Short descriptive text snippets
────────────────────────────────────────

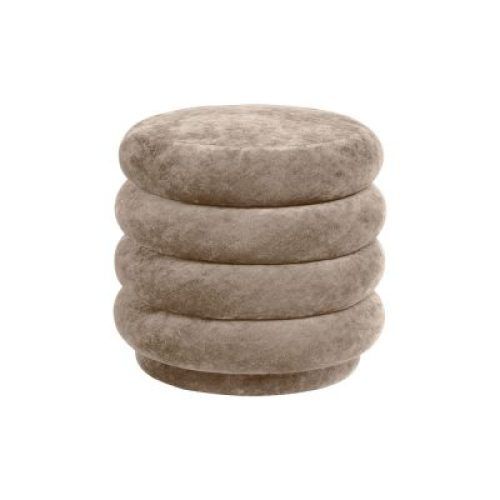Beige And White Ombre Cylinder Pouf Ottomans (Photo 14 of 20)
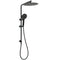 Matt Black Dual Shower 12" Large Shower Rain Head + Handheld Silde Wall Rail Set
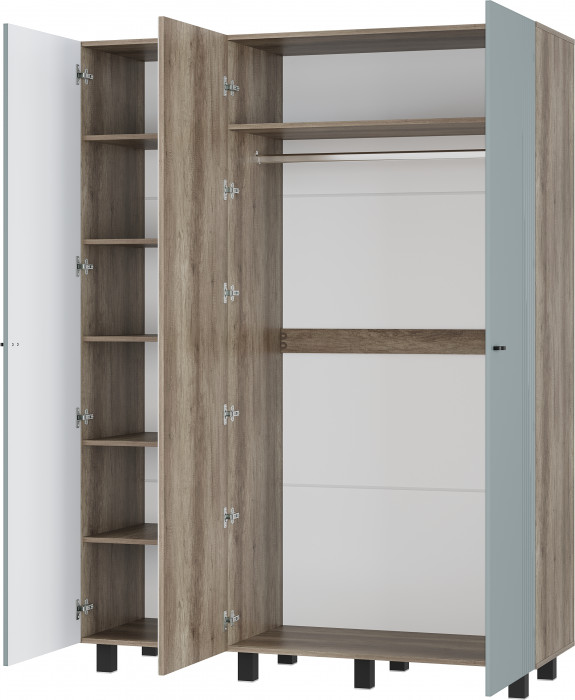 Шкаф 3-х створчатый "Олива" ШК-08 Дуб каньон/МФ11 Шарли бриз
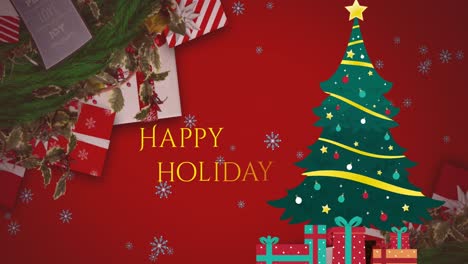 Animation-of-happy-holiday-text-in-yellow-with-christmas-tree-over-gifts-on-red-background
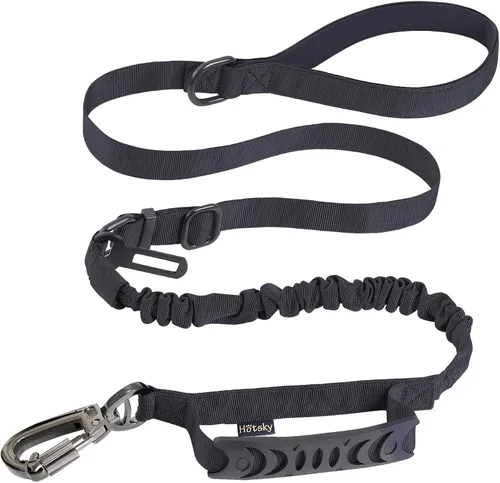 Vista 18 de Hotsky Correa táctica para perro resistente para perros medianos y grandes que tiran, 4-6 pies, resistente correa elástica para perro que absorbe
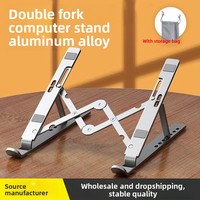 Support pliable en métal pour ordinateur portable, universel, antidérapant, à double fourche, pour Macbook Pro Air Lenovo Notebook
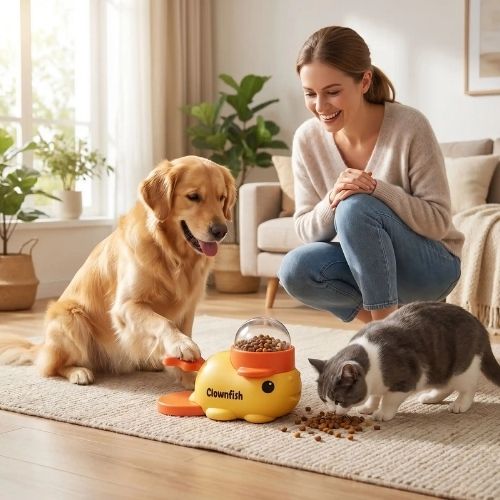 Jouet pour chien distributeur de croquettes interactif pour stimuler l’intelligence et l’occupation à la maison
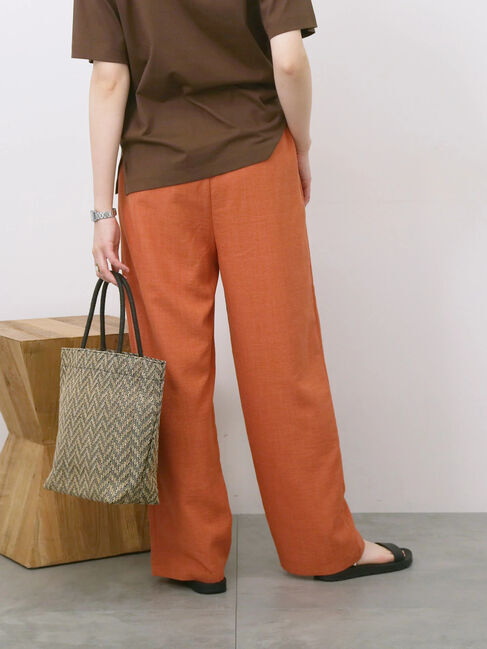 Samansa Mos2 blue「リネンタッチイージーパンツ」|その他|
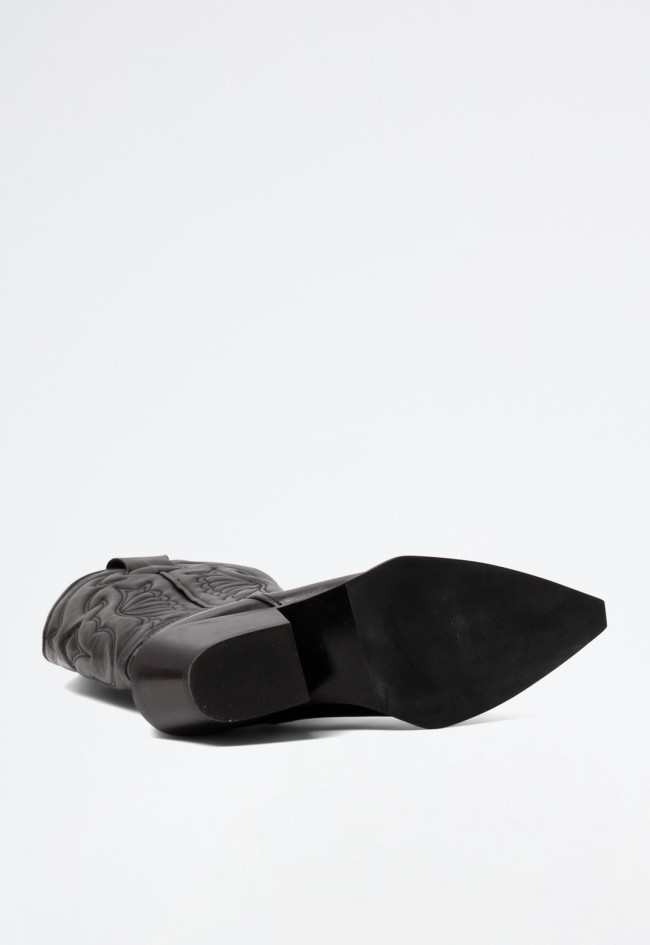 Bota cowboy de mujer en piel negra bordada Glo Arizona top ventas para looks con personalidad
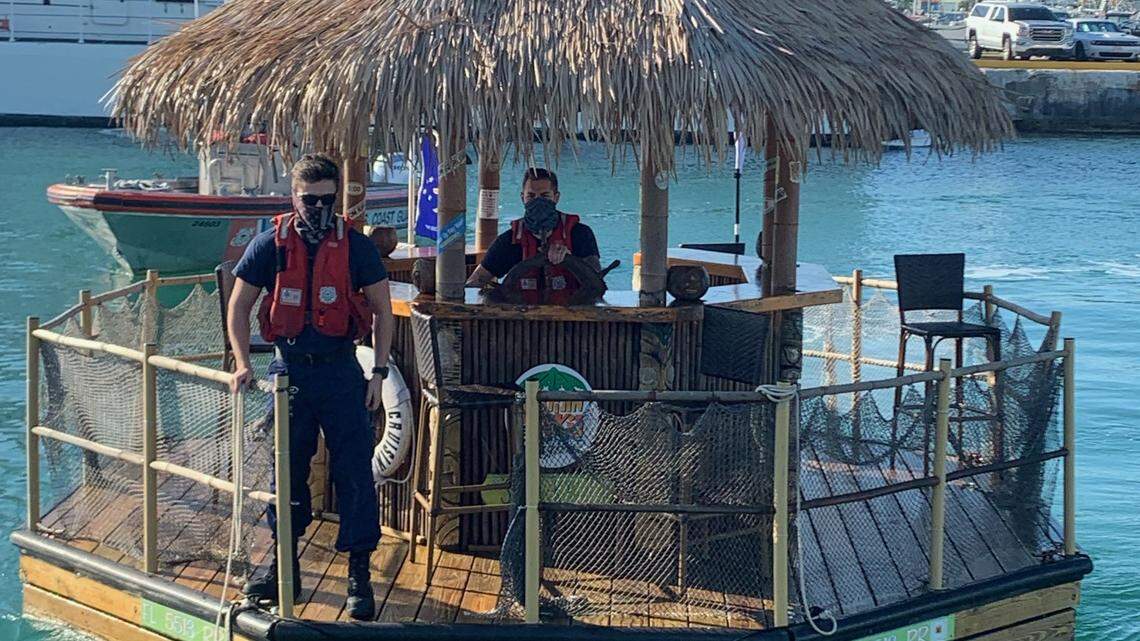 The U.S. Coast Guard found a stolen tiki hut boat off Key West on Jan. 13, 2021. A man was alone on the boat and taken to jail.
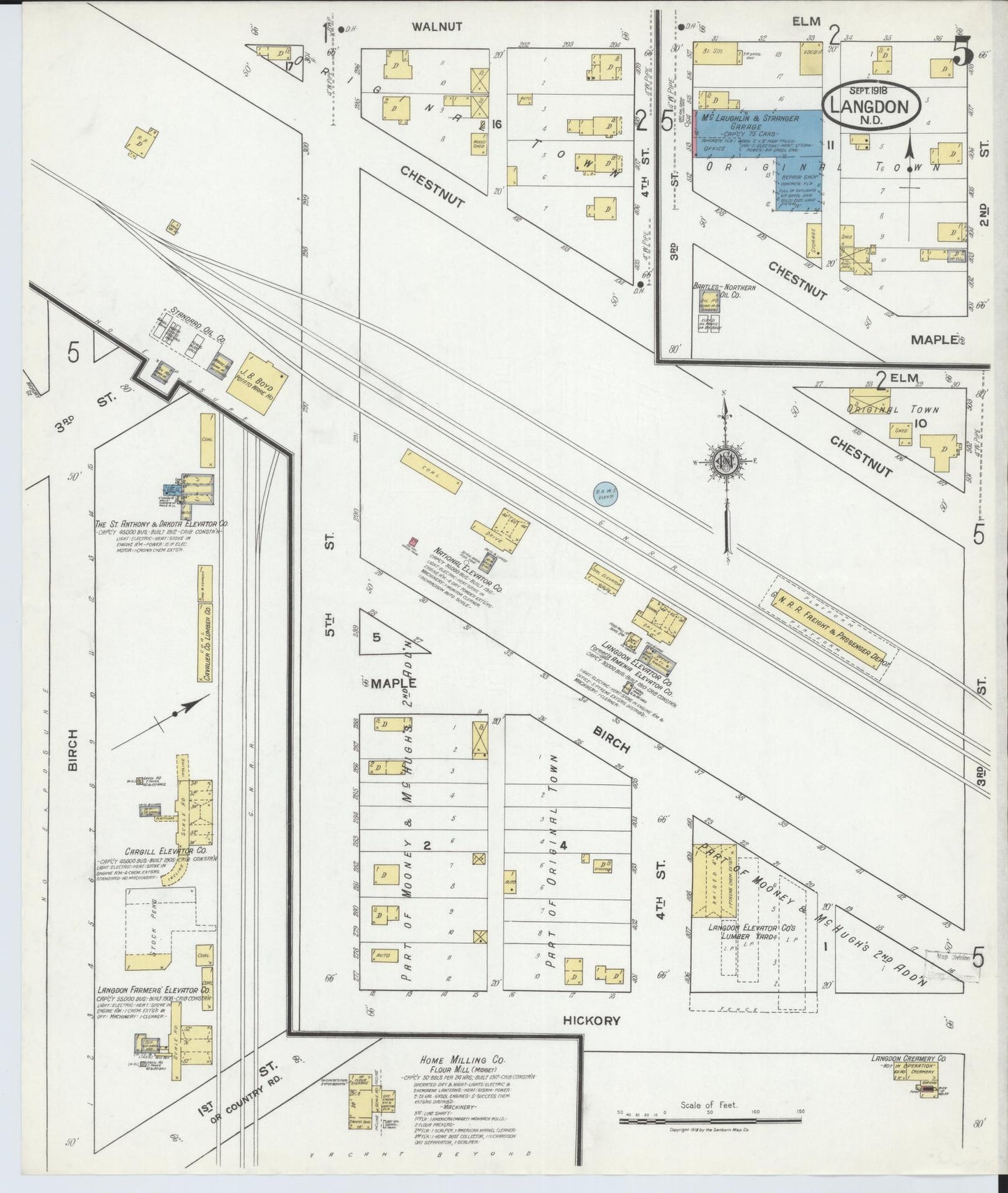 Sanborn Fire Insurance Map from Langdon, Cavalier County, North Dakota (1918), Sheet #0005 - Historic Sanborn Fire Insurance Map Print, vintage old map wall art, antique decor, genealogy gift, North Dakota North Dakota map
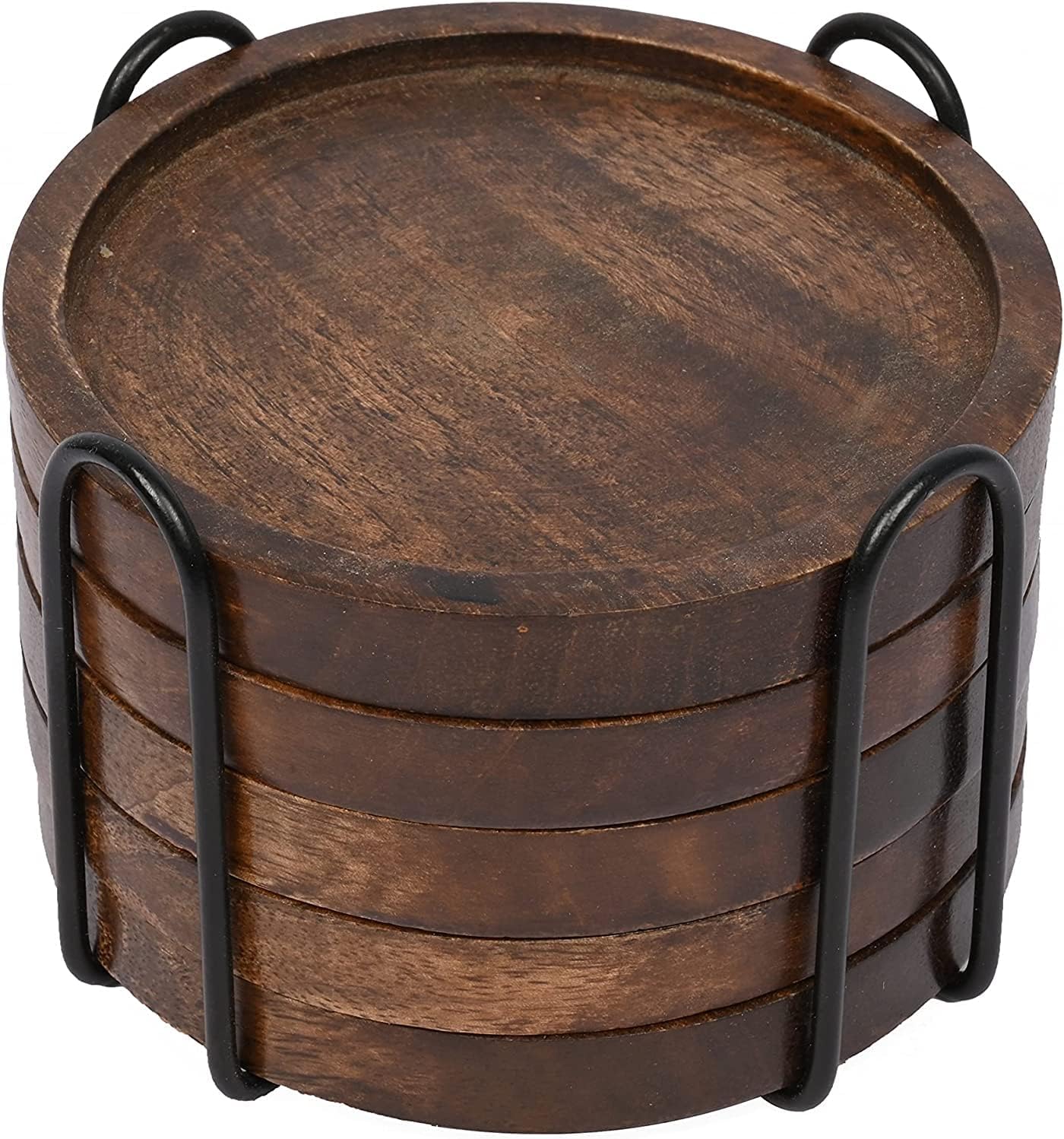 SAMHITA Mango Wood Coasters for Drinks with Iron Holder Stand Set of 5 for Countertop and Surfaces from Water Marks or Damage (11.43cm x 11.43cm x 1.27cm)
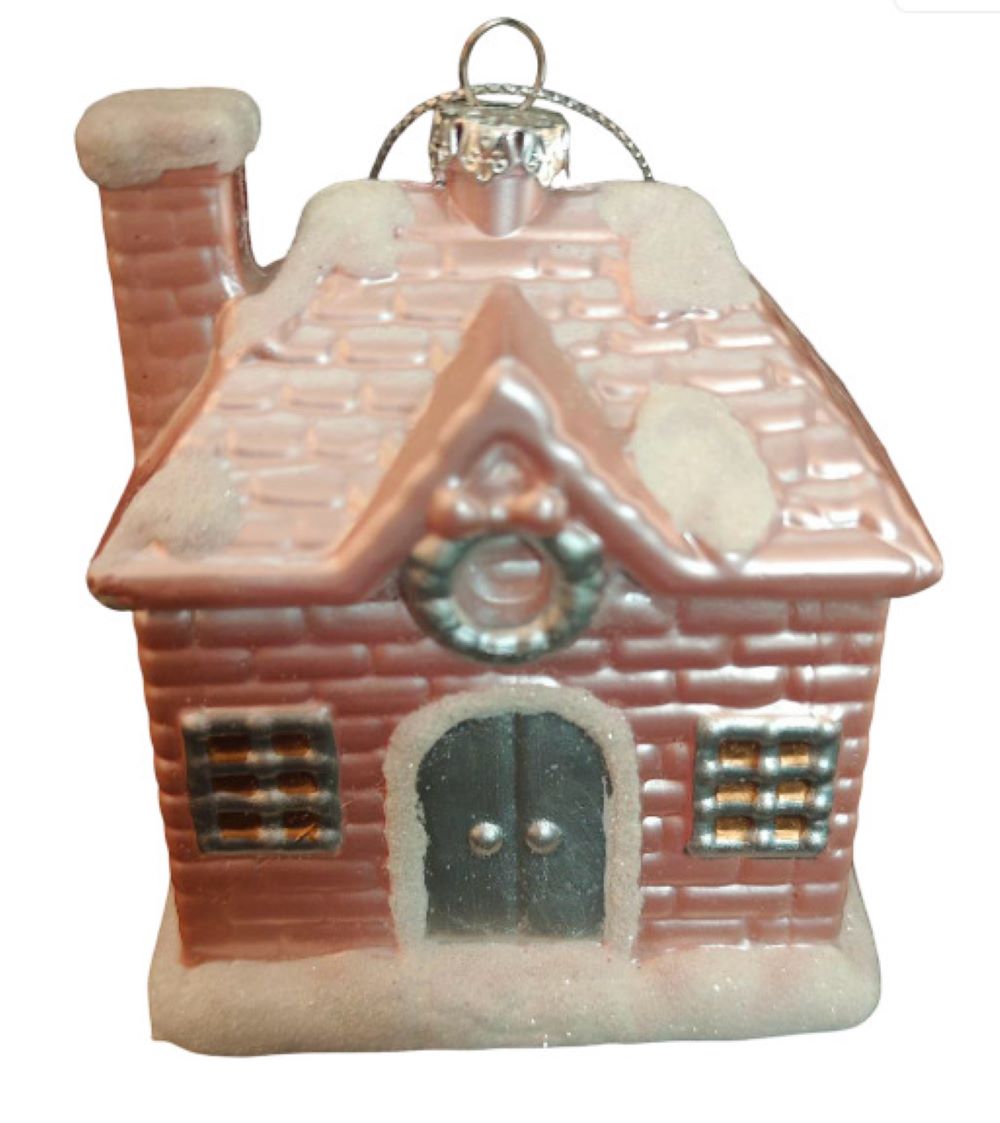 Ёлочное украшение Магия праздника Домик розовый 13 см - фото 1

────────────────────────────────────────

## Work request
Exactly the lines from the line containing "SAMHITA Mango Wood" to the end of the records need to be copied, both ends included, with pictures left out.

## Task solution
 SAMHITA Mango Wood Coasters for Drinks with Iron Holder Stand Set of 5 for Countertop and Surfaces from Water Marks or Damage (11.43cm x 11.43cm x 1.27cm)
 Ёлочное украшение Магия праздника Домик розовый 13 см - фото 1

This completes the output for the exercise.